Eric Leroy - Evidemment Ebola. Nous travaillons à la fois sur les aspects virologiques, épidémiologiques et immunologiques. En 2005, dans le cadre d'une collaboration avec les chercheurs du National Institute for Communicable Diseases (NICD) de Johannesburg, en Afrique du Sud, et des Centers for Disease Control en Prevention (CDC) d'Atlanta, aux Etats-Unis, nous sommes parvenus à identifier le réservoir de ce virus, trois espèces de chauve souris frugivores. Nous sommes aussi les premiers à avoir montré que les patients qui décèdent de l'infection sont victimes d'un effondrement foudroyant de leurs défenses par destruction de leurs cellules immunitaires.

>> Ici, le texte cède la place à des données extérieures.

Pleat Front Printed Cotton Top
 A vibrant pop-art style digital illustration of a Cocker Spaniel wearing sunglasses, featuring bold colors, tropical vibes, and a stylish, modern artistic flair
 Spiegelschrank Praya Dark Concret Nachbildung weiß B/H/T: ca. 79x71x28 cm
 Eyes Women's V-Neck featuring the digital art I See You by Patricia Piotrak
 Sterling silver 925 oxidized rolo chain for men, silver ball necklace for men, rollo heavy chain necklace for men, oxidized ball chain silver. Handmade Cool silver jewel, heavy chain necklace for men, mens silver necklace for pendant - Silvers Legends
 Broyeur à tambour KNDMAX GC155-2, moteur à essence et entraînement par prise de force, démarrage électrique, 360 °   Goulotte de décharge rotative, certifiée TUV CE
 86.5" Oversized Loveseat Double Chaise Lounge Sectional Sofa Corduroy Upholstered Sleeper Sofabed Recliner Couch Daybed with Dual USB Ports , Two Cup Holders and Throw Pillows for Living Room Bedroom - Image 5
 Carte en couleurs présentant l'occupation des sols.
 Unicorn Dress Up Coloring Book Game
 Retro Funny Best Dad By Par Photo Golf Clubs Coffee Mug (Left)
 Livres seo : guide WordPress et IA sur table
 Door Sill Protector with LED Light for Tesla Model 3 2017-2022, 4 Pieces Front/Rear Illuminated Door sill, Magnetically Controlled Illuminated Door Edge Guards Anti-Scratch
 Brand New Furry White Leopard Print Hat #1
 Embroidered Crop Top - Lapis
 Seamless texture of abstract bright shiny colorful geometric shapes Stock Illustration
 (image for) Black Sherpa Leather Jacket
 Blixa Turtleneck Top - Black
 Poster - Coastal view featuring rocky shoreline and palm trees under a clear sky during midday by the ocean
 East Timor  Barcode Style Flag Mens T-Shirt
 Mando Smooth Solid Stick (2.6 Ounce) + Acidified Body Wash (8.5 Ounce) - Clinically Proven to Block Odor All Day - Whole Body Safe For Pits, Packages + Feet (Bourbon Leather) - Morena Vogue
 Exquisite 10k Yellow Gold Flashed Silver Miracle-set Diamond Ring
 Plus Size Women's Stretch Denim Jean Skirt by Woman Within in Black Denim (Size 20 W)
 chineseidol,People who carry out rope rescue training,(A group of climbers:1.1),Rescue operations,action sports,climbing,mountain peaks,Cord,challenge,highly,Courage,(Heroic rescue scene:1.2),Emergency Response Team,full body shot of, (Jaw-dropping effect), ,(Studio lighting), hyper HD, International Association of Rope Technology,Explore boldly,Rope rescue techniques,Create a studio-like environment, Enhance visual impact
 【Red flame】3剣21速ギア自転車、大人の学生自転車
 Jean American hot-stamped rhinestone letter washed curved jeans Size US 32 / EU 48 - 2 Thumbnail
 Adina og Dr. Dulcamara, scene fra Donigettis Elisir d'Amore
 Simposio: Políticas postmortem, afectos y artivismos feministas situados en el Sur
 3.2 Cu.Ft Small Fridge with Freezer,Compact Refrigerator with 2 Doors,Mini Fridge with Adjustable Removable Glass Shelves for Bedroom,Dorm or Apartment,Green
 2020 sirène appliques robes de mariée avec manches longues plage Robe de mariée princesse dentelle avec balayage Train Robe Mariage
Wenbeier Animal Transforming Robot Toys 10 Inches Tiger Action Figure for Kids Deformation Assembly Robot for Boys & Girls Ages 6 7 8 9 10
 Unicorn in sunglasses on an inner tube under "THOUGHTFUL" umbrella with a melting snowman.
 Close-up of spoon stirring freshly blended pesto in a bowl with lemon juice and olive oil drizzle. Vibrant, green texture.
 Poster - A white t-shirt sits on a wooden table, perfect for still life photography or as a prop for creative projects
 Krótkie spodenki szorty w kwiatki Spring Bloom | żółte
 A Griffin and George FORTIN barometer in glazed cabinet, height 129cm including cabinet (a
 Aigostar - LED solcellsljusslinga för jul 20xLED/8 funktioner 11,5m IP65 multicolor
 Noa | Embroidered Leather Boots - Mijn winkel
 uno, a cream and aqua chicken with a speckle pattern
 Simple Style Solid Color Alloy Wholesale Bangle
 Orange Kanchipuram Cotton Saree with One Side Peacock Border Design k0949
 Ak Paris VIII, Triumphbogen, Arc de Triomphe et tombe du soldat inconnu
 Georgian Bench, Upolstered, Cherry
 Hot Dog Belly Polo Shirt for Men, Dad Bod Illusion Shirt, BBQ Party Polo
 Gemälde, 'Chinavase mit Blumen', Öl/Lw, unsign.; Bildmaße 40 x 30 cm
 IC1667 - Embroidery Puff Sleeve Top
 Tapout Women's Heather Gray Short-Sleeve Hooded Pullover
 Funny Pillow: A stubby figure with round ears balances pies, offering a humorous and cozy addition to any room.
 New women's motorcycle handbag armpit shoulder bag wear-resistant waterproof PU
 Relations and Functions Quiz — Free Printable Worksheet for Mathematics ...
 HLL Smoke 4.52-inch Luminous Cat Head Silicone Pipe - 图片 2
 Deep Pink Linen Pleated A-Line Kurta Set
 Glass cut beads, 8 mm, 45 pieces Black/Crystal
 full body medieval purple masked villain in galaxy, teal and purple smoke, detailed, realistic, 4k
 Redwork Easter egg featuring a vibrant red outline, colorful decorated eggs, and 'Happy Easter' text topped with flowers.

De même, nous avons mis en évidence pour la première fois l'existence de patients infectés par le virus Ebola mais qui ne développent aucun symptôme de la maladie.
Depuis plusieurs années, nous menons des travaux virologiques et épidémiologiques sur le virus de Marburg qui est un autre virus de la famille des filovirus. Il a été détecté en 1967, à l'occasion de flambées épidémiques observées simultanément en Allemagne, à Marburg et Francfort, et en ex-yougoslavie, à Belgrade. Parallèlement nous nous intéressons à l'étude d'un virus responsable d'une autre fièvre hémorragique dite de "Crimée-Congo". Ce virus fait partie des Nairovirus, un groupe constituant l'un des cinq genres de la famille Bunyaviridae. Enfin, depuis deux ans, nous avons entamé des études virologiques, épidémiologiques et immunologiques sur deux virus de la familles des arbovirus, responsable de la Dengue et du Chikungunya.
BE France - Certes, vous disposez d'un laboratoire P4, autrement dit de haute sécurité. Mais à Franceville, au Sud du Gabon, vous êtes néanmoins assez isolé. N'est-ce pas un handicap ?
Eric Leroy - Il est certain que cela entraîne certains inconvénients, y compris à l'ère d'Internet. C'est pourquoi nous avons mis en place, progressivement, un solide réseau de collaboration. Ainsi nous travaillons avec les chercheurs américains de la Special Pathogen Branch du CDC d'Atlanta, mais aussi avec ceux de l'US Army Medical Research Institute of Infectious Diseases (USAMRIID) de Fort Detrick dans le Maryland, ou encore avec les équipes canadiennes du Laboratoire P4 de Winnipeg et du NICD en Afrique du Sud. Nous collaborons également avec les chercheurs de l'Institut Pasteur, du laboratoire P4 Jean Mérieux de Lyon et ceux du Laboratoire des Virus Emergents de la Faculté de médecine la Timone à Marseille de l'IRD.
BE France - Quelle est pour vous la signification du Prix Christophe Mérieux qui vient de vous être décerné et qui vous sera remis sous la Coupole de l'Institut de France le 10 juin prochain ?
Eric Leroy - En mars 2008, à Libreville, au Gabon, s'est tenue la quatrième édition du Congrès International sur les virus Ebola et Marburg. Nous avons eu l'honneur d'organiser ce grand rendez-vous qui, tous les deux ans, accueille l'ensemble des grands experts de la planète. Il s'agissait pour nous d'une reconnaissance de nos pairs, identique à celle que procurent les publications scientifiques. En revanche, le Prix Christophe Mérieux est une récompense dont le caractère dépasse la seule science. C'est l'ensemble de l'activité que je développe depuis dix ans, avec mon équipe, qui est ainsi reconnue. Cela englobe évidemment les aspects scientifiques, mais aussi de santé publique, de développement de structures pérennes qui permet au Gabon d'être reconnu au plan international sur cette thématique, sans oublier notre mission de formation des jeunes cadres gabonais.